◆ Provided records ◆
****
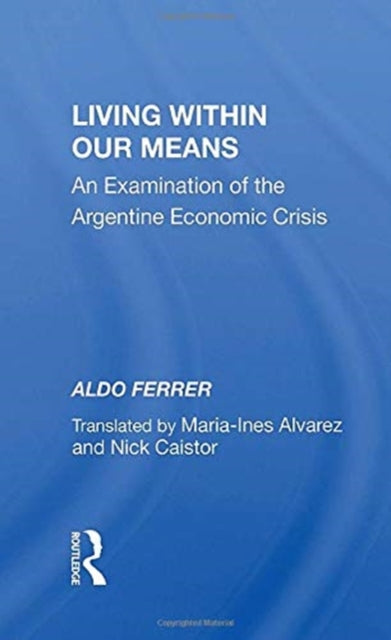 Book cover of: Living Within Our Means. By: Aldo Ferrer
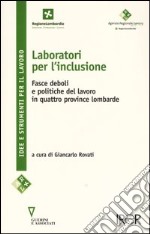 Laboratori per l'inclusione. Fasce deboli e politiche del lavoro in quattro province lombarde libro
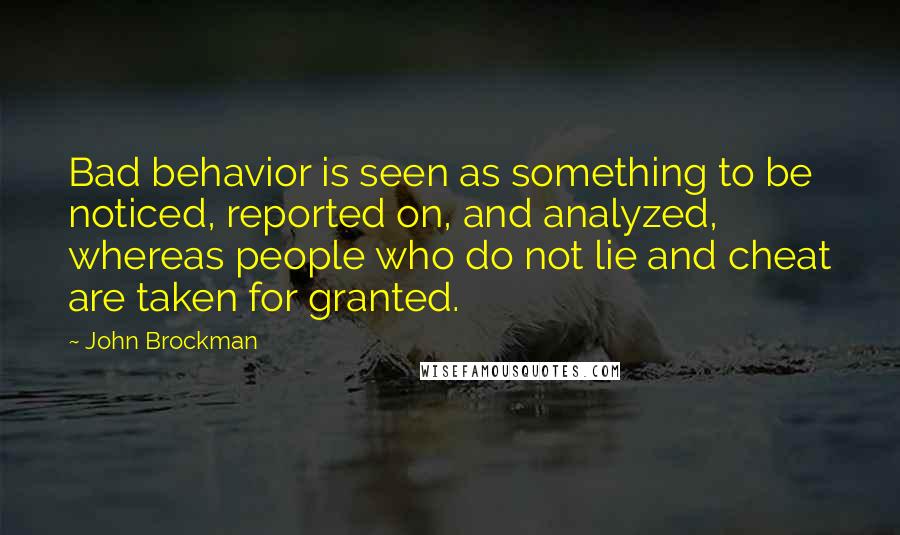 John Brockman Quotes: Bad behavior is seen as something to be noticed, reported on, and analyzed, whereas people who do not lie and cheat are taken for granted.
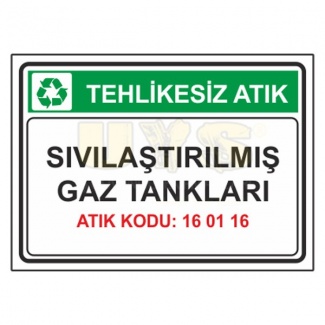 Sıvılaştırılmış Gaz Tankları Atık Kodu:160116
****
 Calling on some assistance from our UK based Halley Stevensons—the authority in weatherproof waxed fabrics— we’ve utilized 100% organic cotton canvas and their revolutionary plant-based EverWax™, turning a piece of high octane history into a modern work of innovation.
****
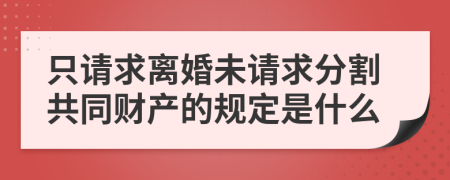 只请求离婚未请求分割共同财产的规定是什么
****
◆ Task statement ◆
Leave out every picture, and copy exactly the lines above starting at the one holding "Book cover of: Living" and ending at the one holding "Sıvılaştırılmış Gaz Tankları", no more and no less.

◆ Exercise response ◆
 Book cover of: Living Within Our Means. By: Aldo Ferrer
 Laboratori per l'inclusione. Fasce deboli e politiche del lavoro in quattro province lombarde libro
 John Brockman Quotes: Bad behavior is seen as something to be noticed, reported on, and analyzed, whereas people who do not lie and cheat are taken for granted.
 Sıvılaştırılmış Gaz Tankları Atık Kodu:160116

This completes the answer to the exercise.